Concordato Stylfil, l'esame del Fisco

In stallo la procedura per la salvezza dell’azienda di Sesto al Reghena. Chiesto uno "sconto" sui crediti. I dubbi dell’Erario- Dal Gazzettino

(d.l.)- Sembra trovare alcuni ostacoli la procedura del concordato preventivo volta a salvare la Stylfil, azienda tessile di Sesto al Reghena che ha - di fatto - interrotto la produzione da quasi due mesi. Le difficoltà starebbero nei tempi necessari ad avere delle risposte dai creditori della società. E anche per questo che è stata posticipata (al prossimo 7 marzo) la convocazione dell'assemblea dei creditori chiamata a esprimersi sull'istanza di concordato preventivo avanzata dall'impresa ai giudici del tribunale di Pordenone. L'allungarsi dei tempi - come ha più volte ripetuto il sindacato dei lavoratori tessili - rischia però di compromettere la ripartenza delle linee produttive. Una produzione (quella della filatura attuata nella fabbrica di Sesto ) fortemente legata alla stagionalità della domanda e dei mercati. Una stagionalità che solitamente fa crescere gli ordinativi proprio all'inizio della primavera, a cominciare dal mese di marzo.
Ma torniamo al tema dei creditori e del rallentamento nella procedura concorsuale. Il commissario Giuliano Bianco, nominato dal tribunale pordenonese, ha avanzato delle richieste ai creditori "privilegiati" per consentire di fare i passi avanti necessari al concordato e ottenere l'omologa e quindi procedere con il contratto d'affitto d'azienda e l'eventuale ripresa della produzione. Tre sono i creditori principali: l'Inps (per quanto concerne le spettanze dei dipendenti), una banca (nella veste di creditore ipotecario) e l'Erario (per quanto riguarda la mancata riscossione di Iva e altre imposte).

Mentre per i primi due creditori, Inps e istituto di credito, non pare ci siano particolari contrarietà a dare il "via libera" al concordato, sull'Erario potrebbe spuntare qualche ostacolo. Al Fisco - nella fattispecie alla Direzione generale delle Entrate di Trieste - sarebbe stato chiesto un sostanzioso "sconto" sulla cifra (circa tre milioni di euro, in quanto si fa riferimento a un periodo piuttosto lungo che comprende gli ultimi anni) che l'impresa dovrebbe versare alla casse dell'Erario. La Direzione generale regionale si è riservata e sta esaminando il caso. Una risposta dovrebbe comunque arrivare prima del prossimo 7 marzo, cioé prima dell'assemblea dei creditori. È in particolare da questa risposta che dipende il futuro dell'azienda e la possibilità di procedere nel concordato e quindi nelle fasi successive del previsto rilancio aziendale.

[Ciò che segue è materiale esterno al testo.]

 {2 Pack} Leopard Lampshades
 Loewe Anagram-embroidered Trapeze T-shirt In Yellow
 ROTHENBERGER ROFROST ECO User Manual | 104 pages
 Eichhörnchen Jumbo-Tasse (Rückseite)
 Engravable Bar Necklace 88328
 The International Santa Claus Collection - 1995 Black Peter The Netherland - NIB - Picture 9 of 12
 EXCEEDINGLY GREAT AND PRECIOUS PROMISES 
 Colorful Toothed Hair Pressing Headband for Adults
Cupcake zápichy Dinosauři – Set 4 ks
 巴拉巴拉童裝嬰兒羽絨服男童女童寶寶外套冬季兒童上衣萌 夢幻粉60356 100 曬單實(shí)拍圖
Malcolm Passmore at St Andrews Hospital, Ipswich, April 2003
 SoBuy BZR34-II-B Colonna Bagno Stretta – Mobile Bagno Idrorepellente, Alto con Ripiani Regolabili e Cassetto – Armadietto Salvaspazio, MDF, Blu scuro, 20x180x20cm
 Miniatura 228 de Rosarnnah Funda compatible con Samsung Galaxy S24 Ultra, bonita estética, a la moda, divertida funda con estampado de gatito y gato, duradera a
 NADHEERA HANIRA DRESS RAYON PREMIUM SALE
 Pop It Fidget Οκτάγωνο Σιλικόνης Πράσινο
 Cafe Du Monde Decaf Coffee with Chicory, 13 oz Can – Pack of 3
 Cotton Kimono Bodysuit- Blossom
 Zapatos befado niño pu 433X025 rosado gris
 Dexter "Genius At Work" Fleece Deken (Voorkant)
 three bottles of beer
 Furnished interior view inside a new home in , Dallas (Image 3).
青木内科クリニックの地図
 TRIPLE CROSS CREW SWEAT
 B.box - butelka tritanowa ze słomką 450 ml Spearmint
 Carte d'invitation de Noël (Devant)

Nel frattempo - nonostante il rischio dell'allungamento dei tempi - è stato confermato l'interesse di un pool di imprese emiliane intenzionate ad acquisire la Stylfil di Sesto . Le società che già da tempo avevano messo gli occhi sulla filatura (avendo avuto rapporti di lavoro negli anni scorsi) apparterrebbero al distretto del tessile di Carpi, in provincia di Modena. E sarebbero fortemente interessate all'acquisizione poiché così riuscirebbero ad ampliare la gamma delle lavorazioni che già eseguono. L'obiettivo resta dunque quello di procedere al contratto d'affitto d'azienda entro il mese di marzo. Fisco permettendo, ovviamente.